Drift, regression and the trend dashboard

A single evaluation run is a snapshot. The interesting object is the time series. Agent behaviour drifts because models are updated, retrieval indexes are refreshed, customer cohorts shift, upstream tools change. The trend dashboard plots assertion pass-rates over time, broken down by severity and category.

Behavioural drift is more actionable than embedding-distance drift. A 0.12 cosine shift on yesterday's customer cohort is not a number an operator can take to a risk committee. 'The fee-disclosure assertion fell from 99% to 92% over the last two weeks' is.

Integrating with CI and the deployment system

Harnesses run as a step in CI. On pull request, only the cases tagged 'fast' run — typically a few minutes. On merge to main, the full harness runs. On release candidate, the held-out cohort is run by a service account with cohort-read access; engineering does not see the individual case results, only the aggregate pass-rate and severity breakdown.

The deployment system queries the evaluation service before promotion: 'is there a passing run within the last 24 hours for this exact commit hash?'. The answer is binary. The reference to the run is recorded in the audit trail at the moment of deployment.

Reporting evidence to second-line and regulators

Evaluation evidence rolls up into the audit trail as a structured record. Sub-period reports map every assertion failure to the policy framework it implicates: FCA Consumer Duty, ICO AI Auditing Framework, MHRA post-market surveillance, EU AI Act high-risk obligations, UK AI Action Plan accountability expectations.

Regulators do not want raw evaluation logs. They want to know: which framework obligations were the bar set against? Which deployments were certified against which version of the harness? Where assertions failed, what happened next? AgentAudit generates these reports deterministically from the audit trail; every line item carries a verifiable reference to its underlying evaluation result.

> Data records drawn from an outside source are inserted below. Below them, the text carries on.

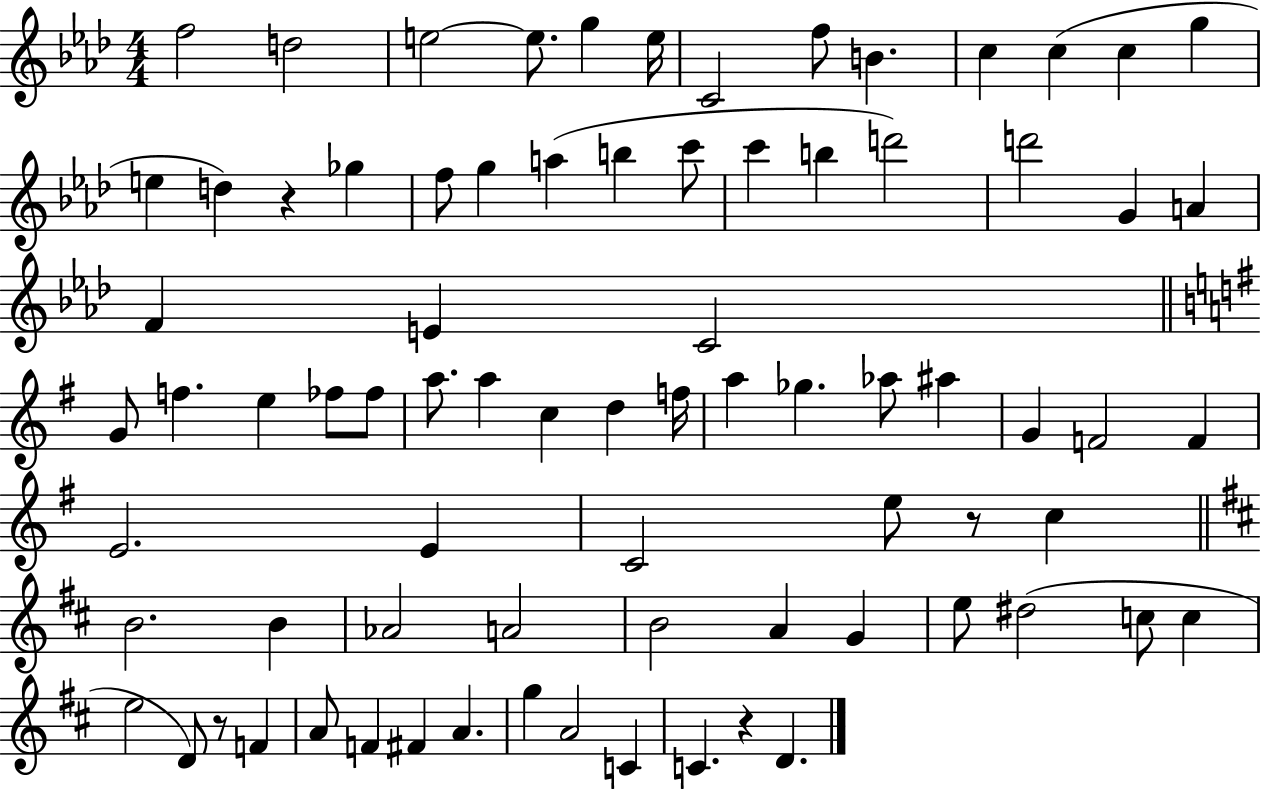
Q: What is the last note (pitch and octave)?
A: D4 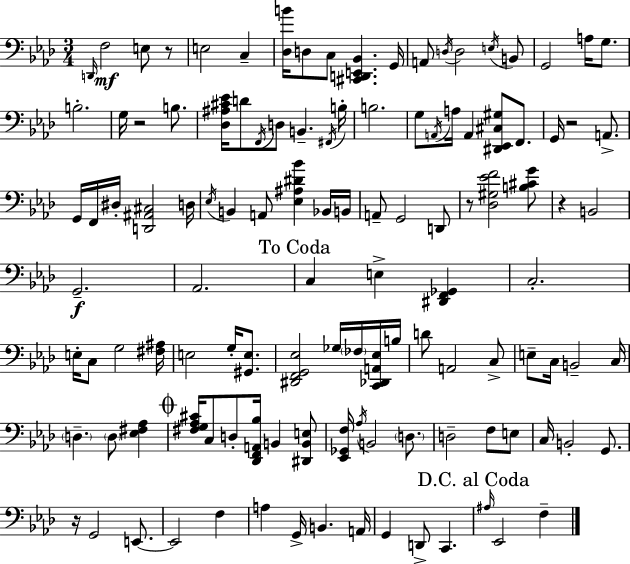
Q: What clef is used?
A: bass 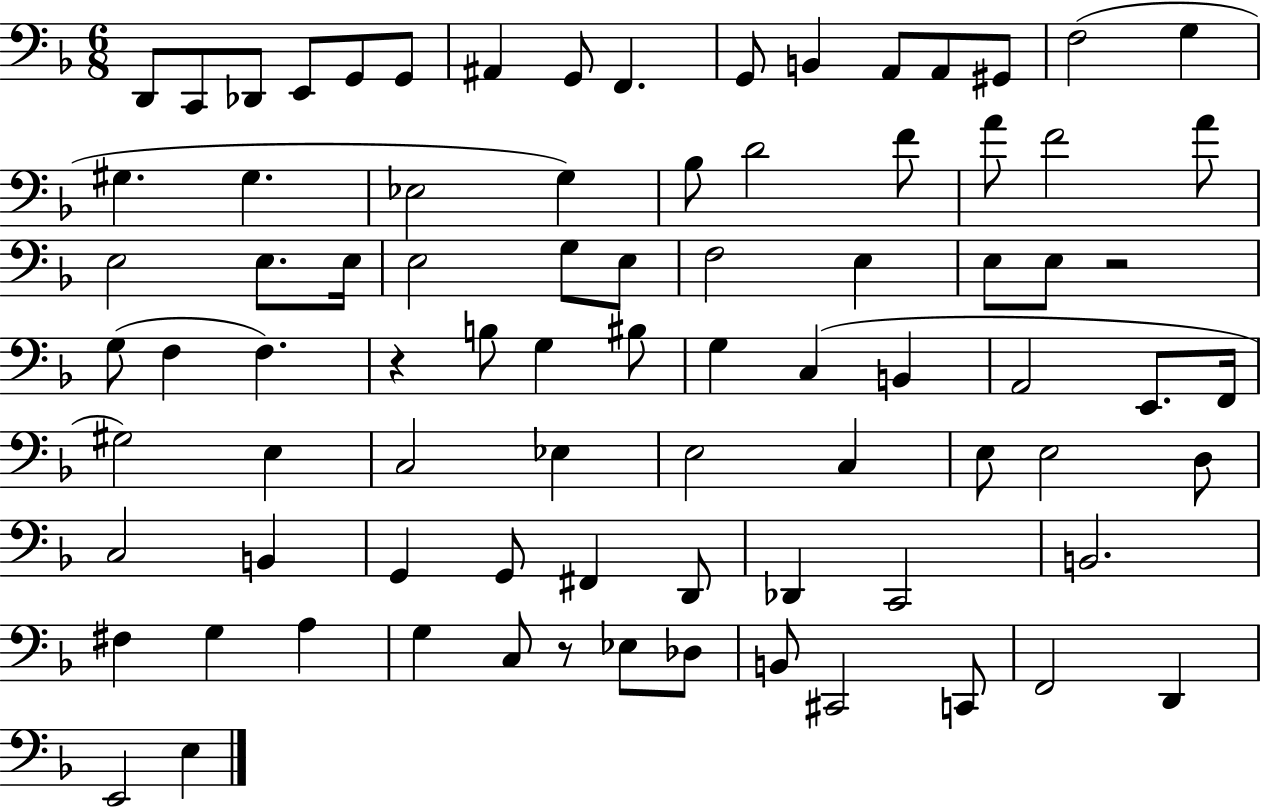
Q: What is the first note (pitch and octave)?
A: D2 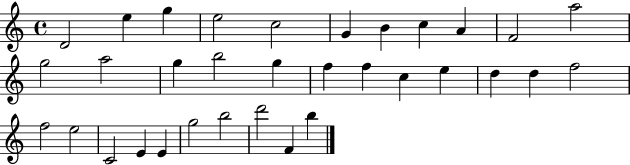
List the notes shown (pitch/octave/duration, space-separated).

D4/h E5/q G5/q E5/h C5/h G4/q B4/q C5/q A4/q F4/h A5/h G5/h A5/h G5/q B5/h G5/q F5/q F5/q C5/q E5/q D5/q D5/q F5/h F5/h E5/h C4/h E4/q E4/q G5/h B5/h D6/h F4/q B5/q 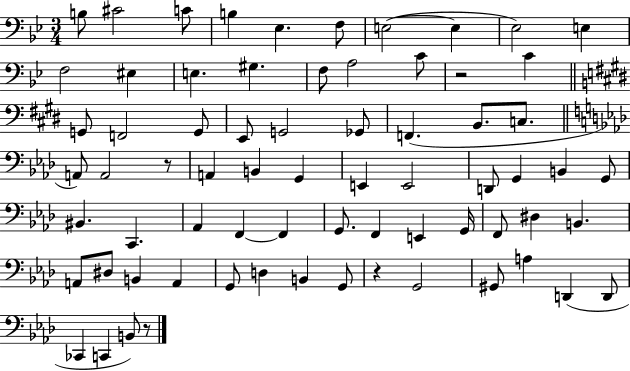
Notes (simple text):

B3/e C#4/h C4/e B3/q Eb3/q. F3/e E3/h E3/q Eb3/h E3/q F3/h EIS3/q E3/q. G#3/q. F3/e A3/h C4/e R/h C4/q G2/e F2/h G2/e E2/e G2/h Gb2/e F2/q. B2/e. C3/e. A2/e A2/h R/e A2/q B2/q G2/q E2/q E2/h D2/e G2/q B2/q G2/e BIS2/q. C2/q. Ab2/q F2/q F2/q G2/e. F2/q E2/q G2/s F2/e D#3/q B2/q. A2/e D#3/e B2/q A2/q G2/e D3/q B2/q G2/e R/q G2/h G#2/e A3/q D2/q D2/e CES2/q C2/q B2/e R/e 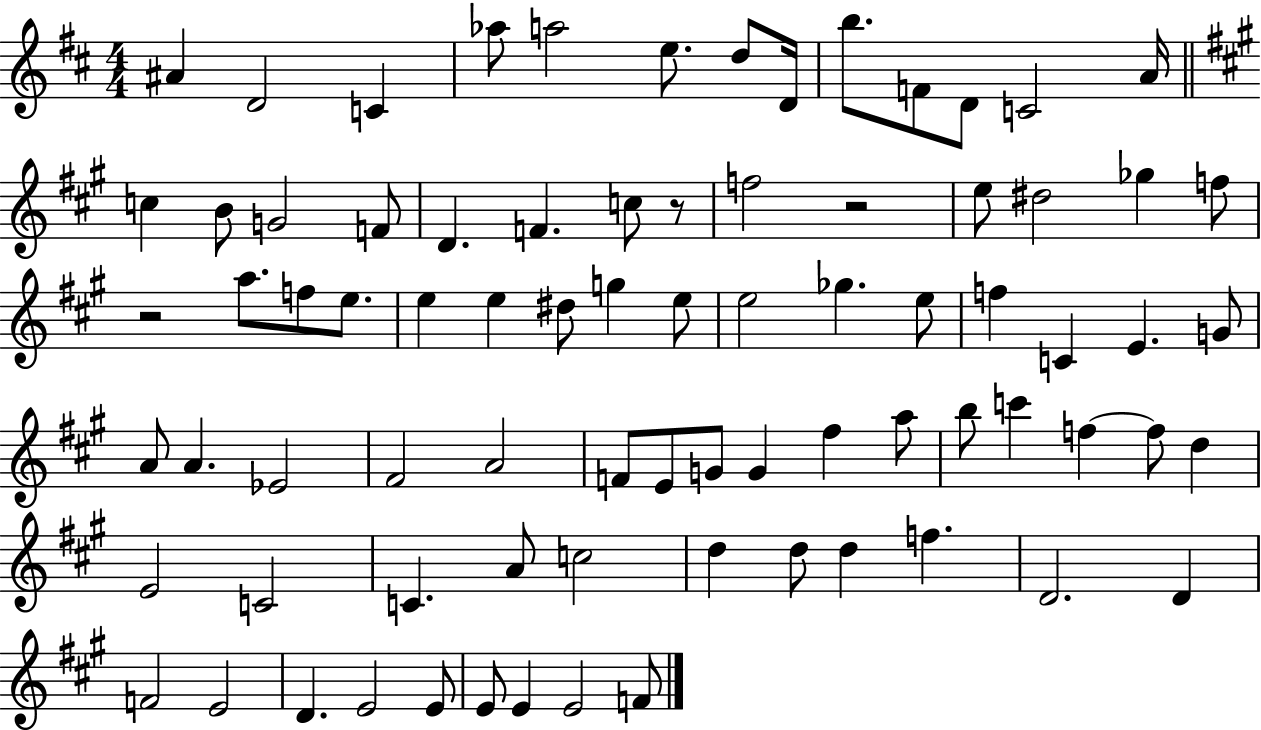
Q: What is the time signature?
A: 4/4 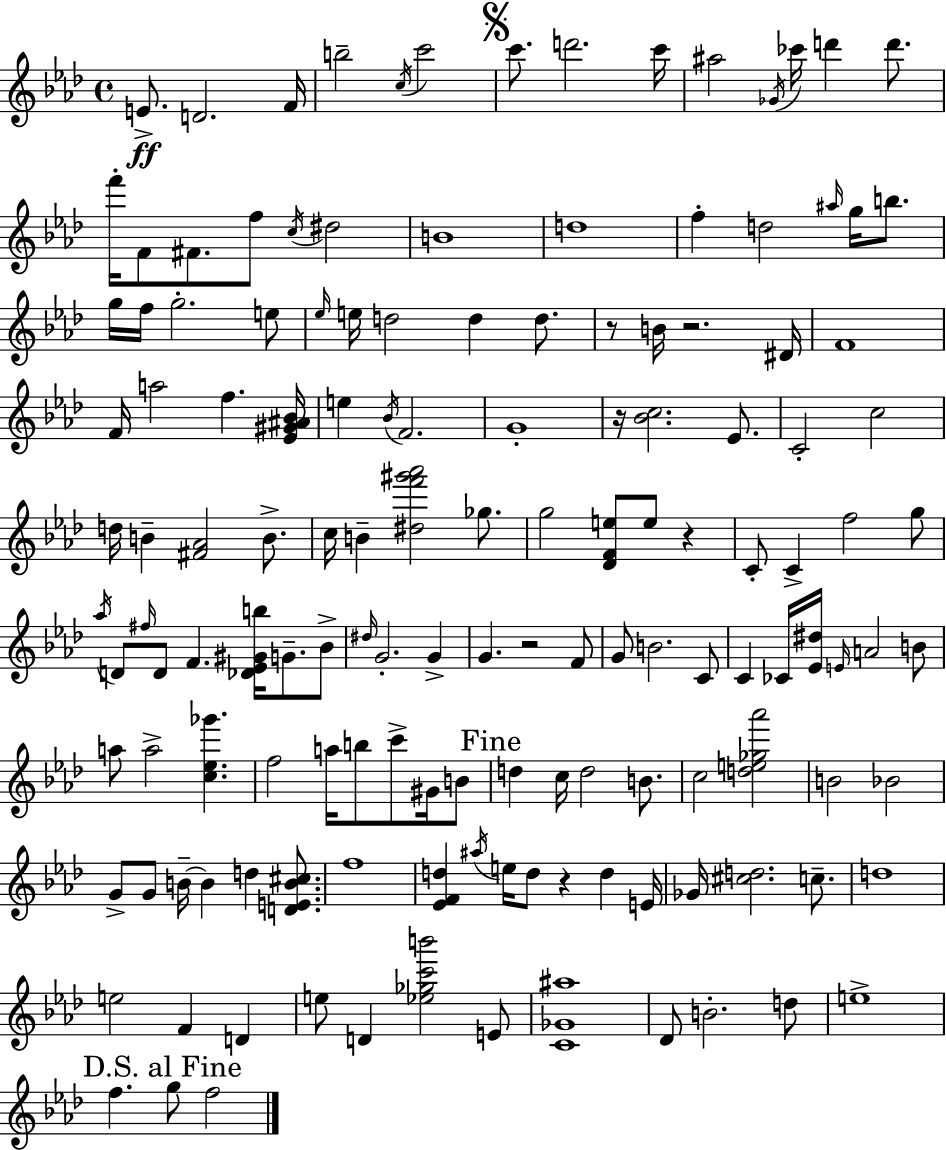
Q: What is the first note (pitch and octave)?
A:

Operating the methodology at estate scale

Once an organisation runs more than a handful of agents, evaluation becomes an estate problem rather than a per-agent problem. Common harnesses are shared across agents in the same business unit. Severity policies are set centrally by second-line. Drift dashboards are aggregated to the executive level.

The methodology is recursive: the harnesses themselves are evaluated. We track harness coverage (what fraction of the agent's behaviour space is exercised), oracle calibration (how often does the model-graded oracle agree with the human reviewer), and cohort decay (how the pass-rate against a fixed cohort changes over time). These meta-metrics are how the governance function knows the evaluation function is working.

Coverage: % of behaviour space exercised by the harness
Calibration: agreement between model-graded oracle and human review
Decay: pass-rate trend on a fixed cohort, used to schedule cohort rotation
Latency: end-to-end harness runtime — a budget, not an afterthought

Takeaway

Evaluation is a production engineering discipline, not a one-off benchmark. The harness is the unit of governance.